-
Notifications
You must be signed in to change notification settings - Fork 28
Description
there are a few ways to deallocate a block in an NVMe device, which the NVM Command Set Specification talks a bit about:
A logical block may be marked deallocated as the result of:
- a Dataset Management command (refer to section 3.2.3); or
- a Write Zeroes command addressing the logical block (refer to section 3.2.3.2.1); or
- a sanitize operation.
in the limit it would be nice to plumb this through to Crucible and the OS for local volumes, as we're unaware of the filesystem-specifics happening in the guest's volume. but a starting point would be for the emulated NVMe controller to at least support whatever the common mechanism is that OSes use to deallocate blocks - I assume Dataset Management with AD set is more common than Write Zeroes with DEAC, but I haven't looked around. probably comes with setting the bits and limits across ONCS/WZSL/DM{RS,SL,RSL} as appropriate.
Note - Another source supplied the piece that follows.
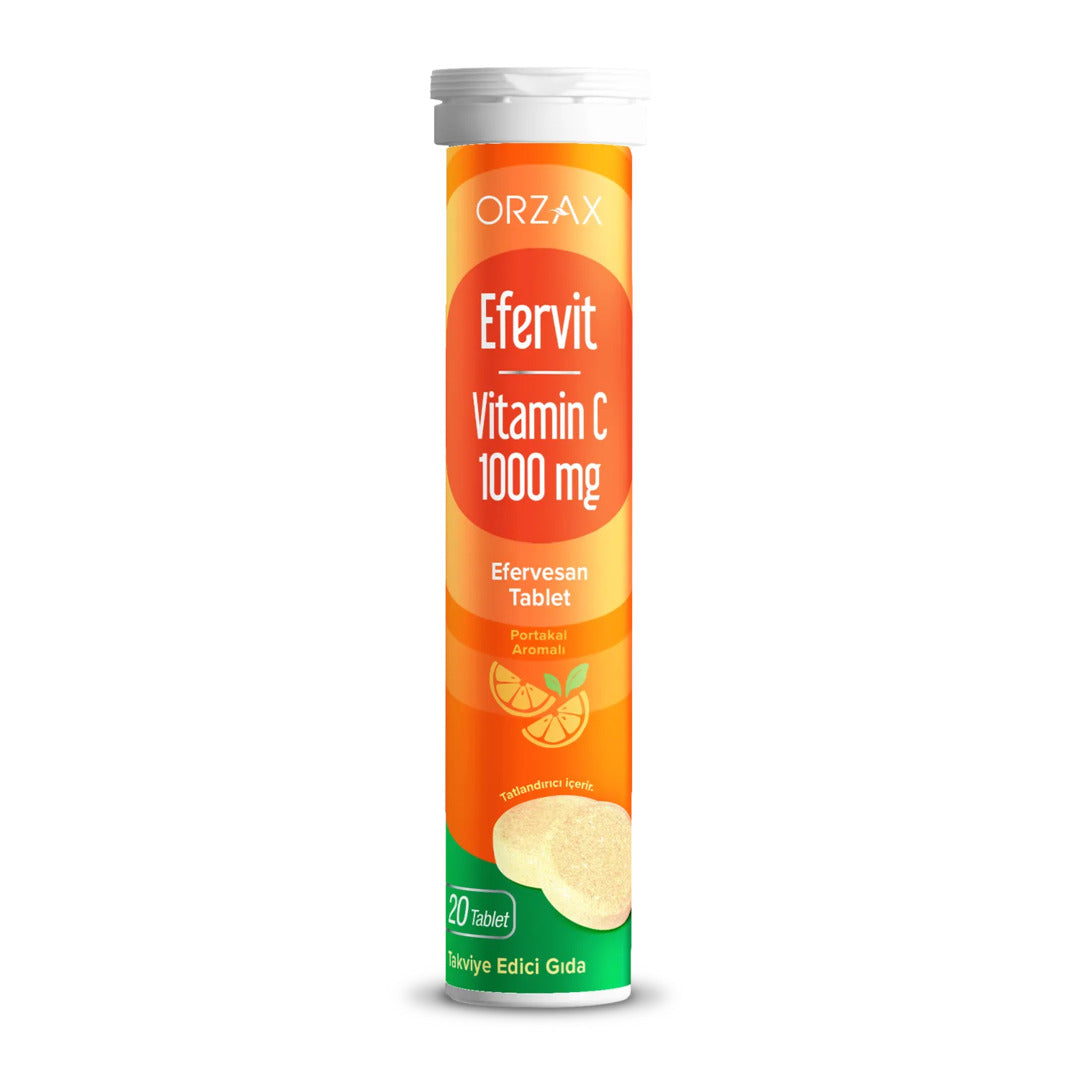 Orzax Efervit Vitamin C 1000 mg 20 Effervescent Tablets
I doubt Sanitize is too interesting right now.
NVM Command Set Specification also talks about the semantics of deallocated blocks in 3.2.3.2.1 Deallocated or Unwritten Logical Blocks:
The value read from a deallocated logical block shall be deterministic; specifically, the value returned by subsequent reads of that logical block shall be the same until a write operation occurs to that logical block.
over in namespace features, DLFEAT describes support for Write Zeroes' deallocate bit and the behavior of deallocated logical blocks. It seems like we could reasonably deallocate blocks in general by setting DLFEAT=000b and ignoring deallocate for now, or DLFEAT=001b and write zeroes on the deallocated block. plumbing this through to Crucible seems a little more interesting, and plumbing this through to file backends (specifically for local volumes) has the interesting consequence of exposing the guest to the hardware's value for DLFEAT. in the local volume case we're already not thinking about migration, so maybe that's OK.
in theory this could help keep with performance and wear-leveling especially when local volumes are getting used, but I haven't gotten anywhere near testing any of that. a no-op Dataset Management might make sense even without numbers just so adding support for the behavior later isn't as much of a guest surprise.